To the Gentiles he proclaims: “But now in Christ Jesus you who once were far off have been brought near by the blood of Christ.” He criticises the Corinthians for the way they have been discriminating against the poor. He makes it clear to Philemon that Onesimus, his slave, is his equall when worshipping God and needs to be treated as such. He could not have put it plainer to the Galatians:
26 For you are all sons of God through faith in Christ Jesus. 27 For as many of you as were baptized into Christ have put on Christ. 28 There is neither Jew nor Greek, there is neither slave nor free, there is neither male nor female; for you are all one in Christ Jesus.
And so we are. The poor God will, we are told, exalt, and the mighty shall be put down from their high positions; the first shall be last and the last shall be first. It was no wonder that Jesus was crucified by the authorities. If this had been a secular message it would have been seen now as communism, but it is not a secular message, it is a call to hope and redemption to us all.
But as part of that, it seems plain that one of the things that was supposed to mark Christian communities was a want of hierarchical differentiation. Grace is free, it cannot be merited and you and I cannot earn it. If we are “good” that is the outworking of Grace and the hope that is in us, it is not because somehow we are earning salvation. Yes, we run the race, as Paul did, because each and every day we wrestle with sin and with our fallen natures. But there is nothing we can do to win Grace.
The twelve Apostles were all Jewish men, and that was to be expected. Thy represented the twelve tribes of Israel. But long ago the Church decided there could be more than twelve bishops and that they did not need to be Jews. Why then, in this revolutionary new life in Christ did they need to be men?
It seems clear from Scripture that they were not all men. Despite centuries of men (interestingly usually from the Reformed traditions) claiming that there was a man called “Junias” who was an Apostle, it is clear that there was no such man, rather there was a woman of that name. As C451 has written on this I will say no more, except to wonder why, even now, men are at such pains to mansplain that the word “Apostle” does not, here, mean what it usually means. It’s a wonderful example of circular logic and goes like this: “we (men) know that all Apostles of the sort of Apostle that Peter was, are men, so, given we have to accept that Paul called this woman an apostle, that word cannot mean here, what it usually means.” Honestly, you could not make it up – except of course, they have.
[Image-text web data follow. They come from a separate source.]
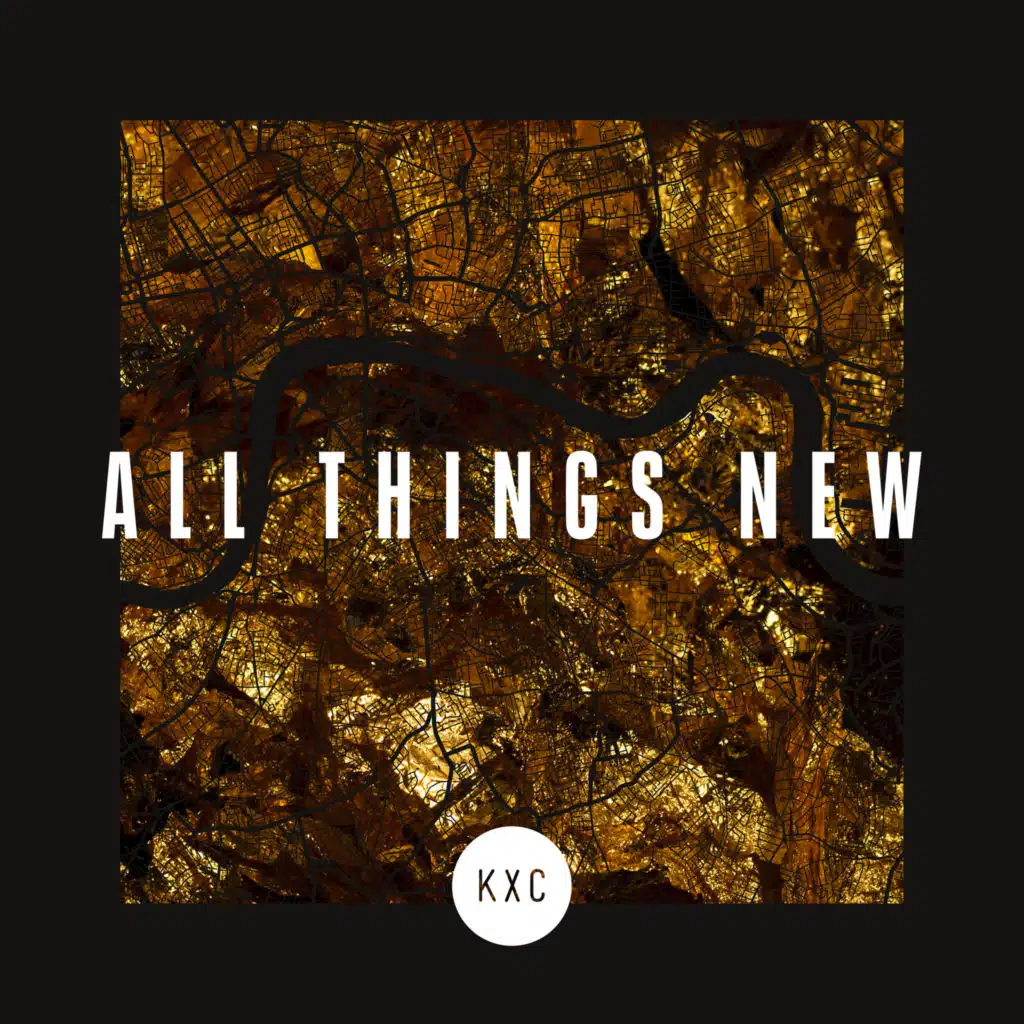 All Things New (Live)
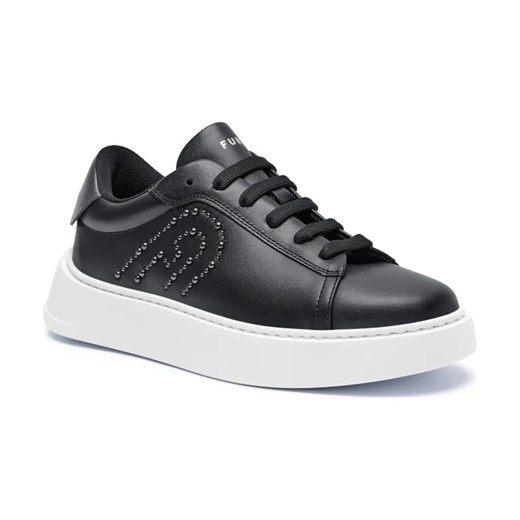 Furla Skórzane sneakersy ze sklepu Gomez Fashion Store w kategorii Buty sportowe damskie - zdjęcie 184305960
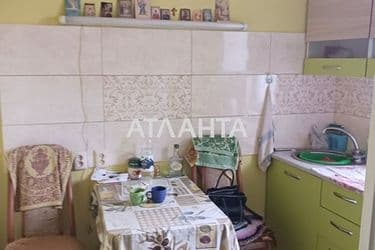 2-rooms apartment apartment by the address st. Komitetskaya Zagubanskogo (area 31,3 m²) - Atlanta.ua - photo 23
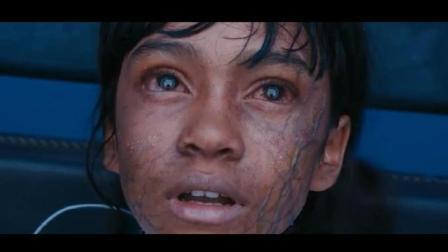 好尸七分钟带你看完《移动迷宫：死亡解药》用了三部搞出来的解药到头来却没有用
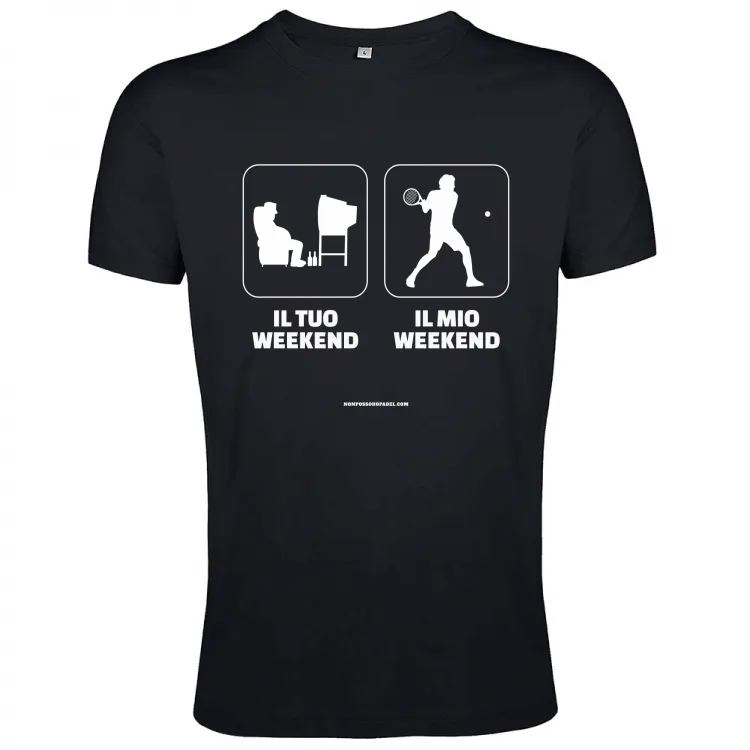 Padel Weekend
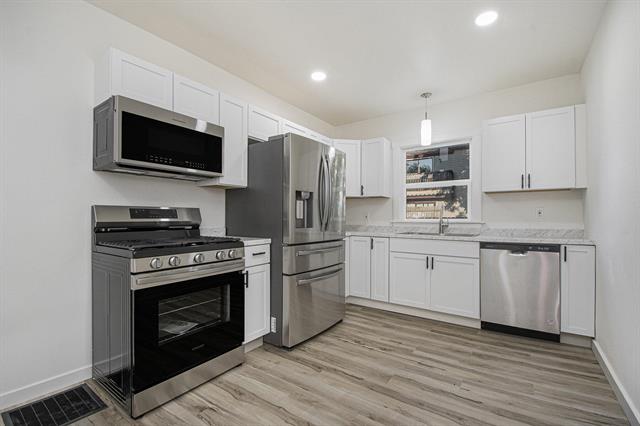 Builiding view seven for 1036 Park, Grand Rapids, MI. 49504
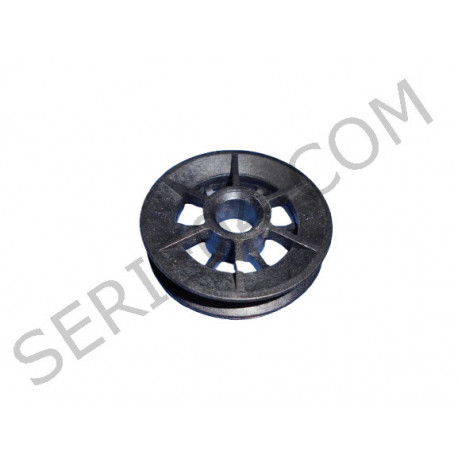 support d'aile avant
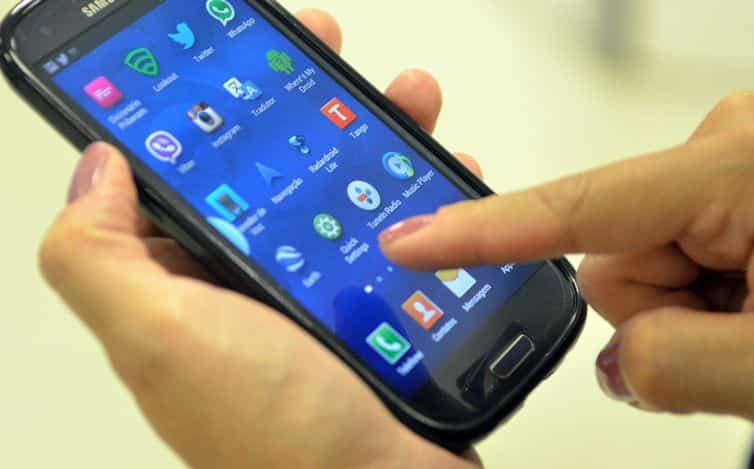 Brasil já tem mais de 256 milhões de linhas de celulares habilitadas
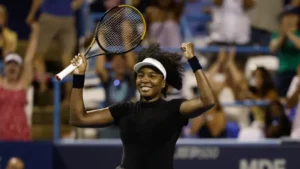 Oldest tennis players to win on WTA Tour: Where Venus Williams ranks on all-time list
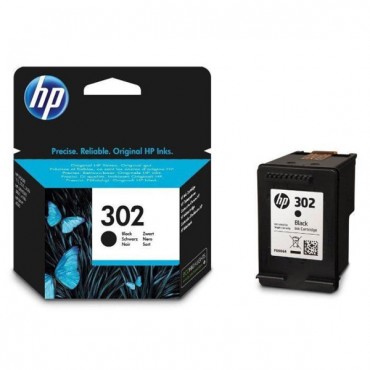 HP INKJET NO302 F6U66AE...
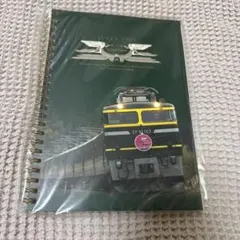【再値下げ】トワイライトエクスプレス　リングノート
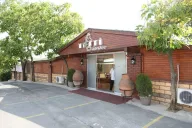 Testi Garden-Tarabya Mangalbaşı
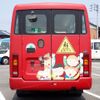 nissan civilian-bus 2004 25632806 image 4
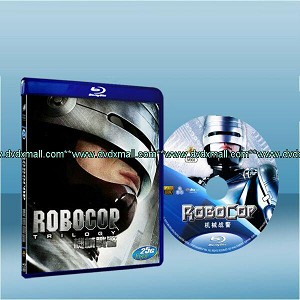 機器戰警 Robocop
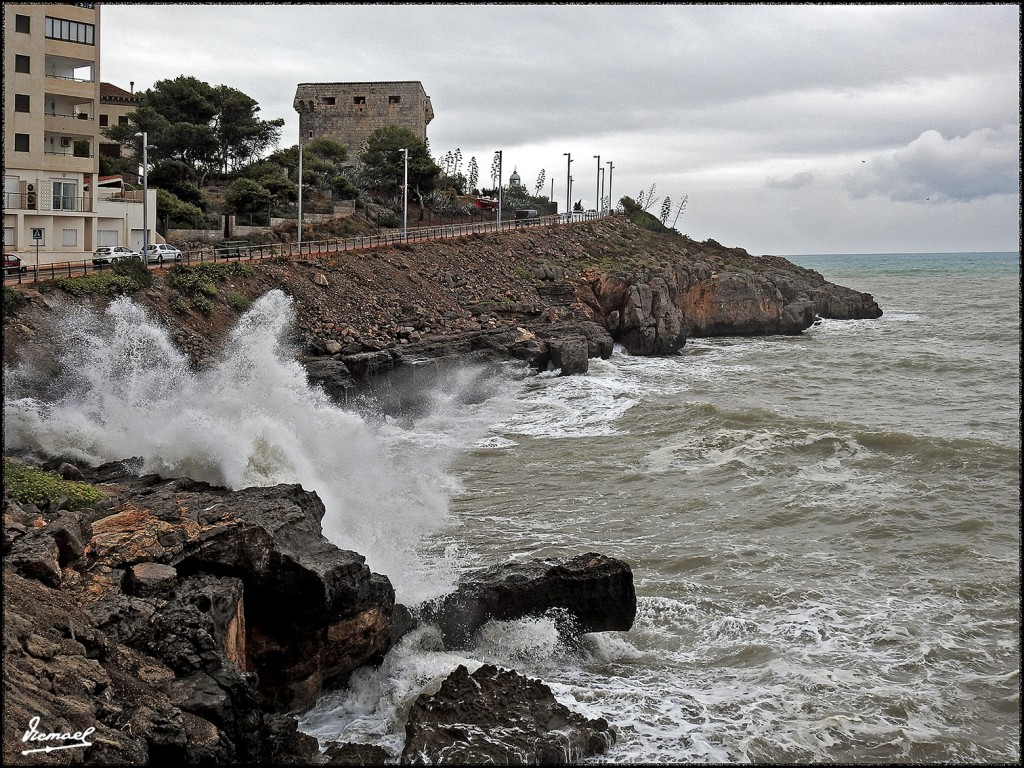 Foto: 170915-68 OROPESA DEL MAR - Oropesa del Mar (Castelló), España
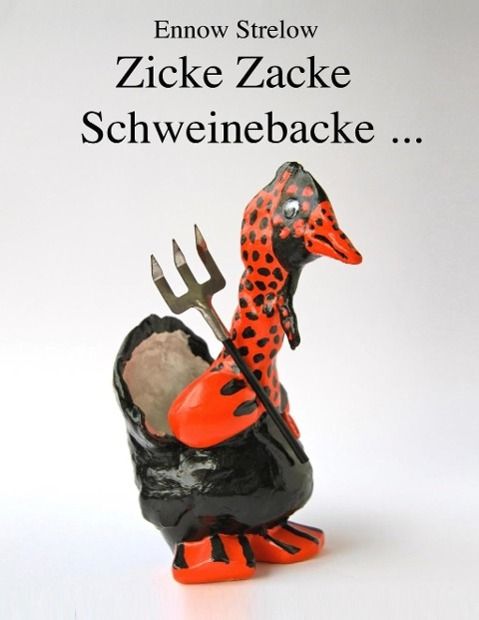 Produktbild: Zicke Zacke Schweinebacke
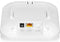 ZyXEL NWA90AX PRO - Access Point - 2400 Mbit/s Wi-Fi 6 - Wit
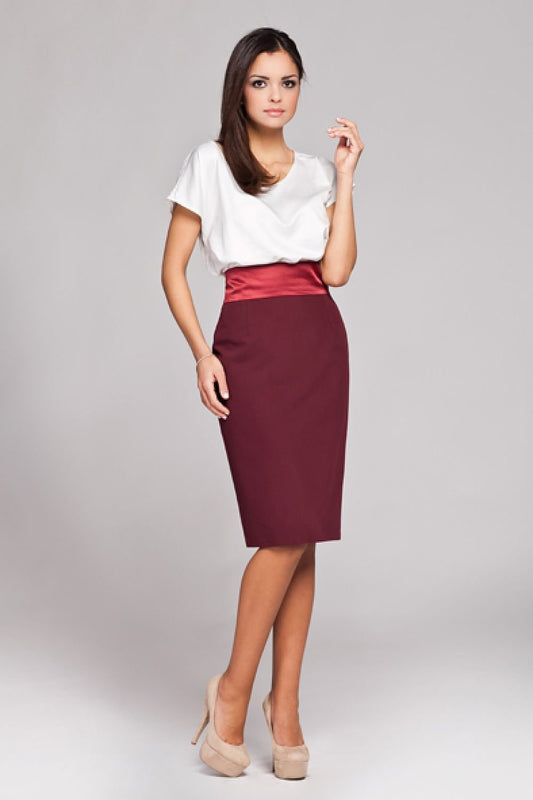 Skirt Model 46875 Figl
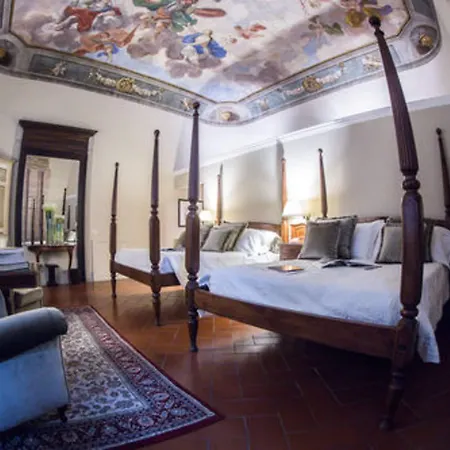 Hotel Burchianti Florence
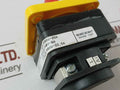 Salzer S25-61361-b03 Cam Operated Rotary Switch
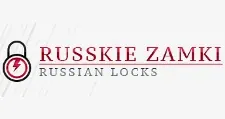 Logo Optovyy postavshchik komplektuyushchikh “RUSSKIE ZAMKI”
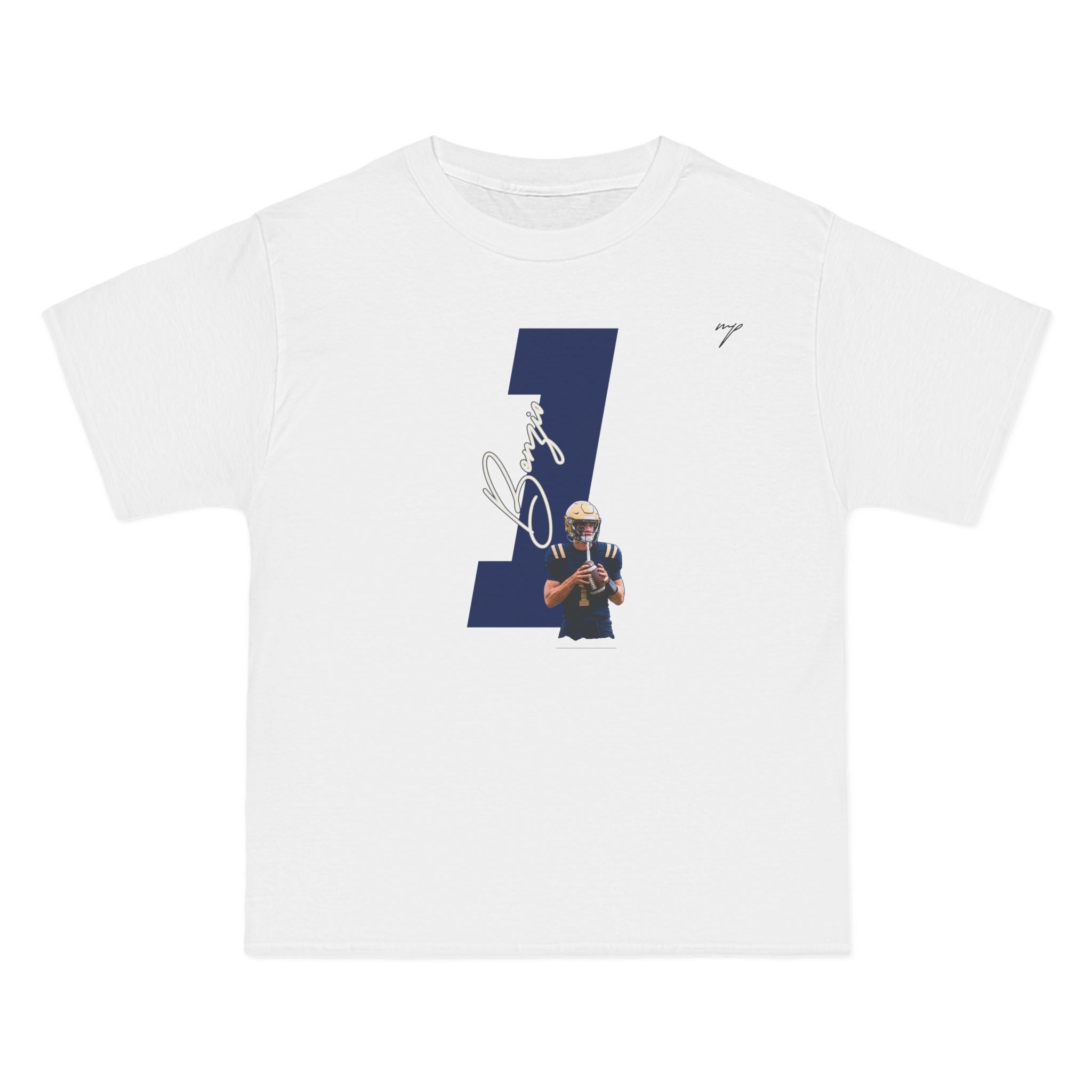 Cannon Benzio Vintage Tee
Oddly, when “Junias” was the preferred reading, no one thought anything other than that “he” was an apostle of the usual sort.
What cannot be disputed is that women prophesied in the early Church: Philip had four virgin daughters who prophesied; women in Corinth prophesied (albeit that some didn’t wear head coverings, an issue to which I will return in a later post); and we know that prophesy in the early church had an educational function. We see from Acts, as my next post will outline, how truly the early Church lived up to the revolutionary idea that all were equal in Christ, and I will leave to a third post further reflections on the role of female “Apostles” in Paul’s church, and the issue of how, by concentrating on a particular interpretation of a few verses, that revolutionary insight was watered down by later generations. But for now, I’ll stop here.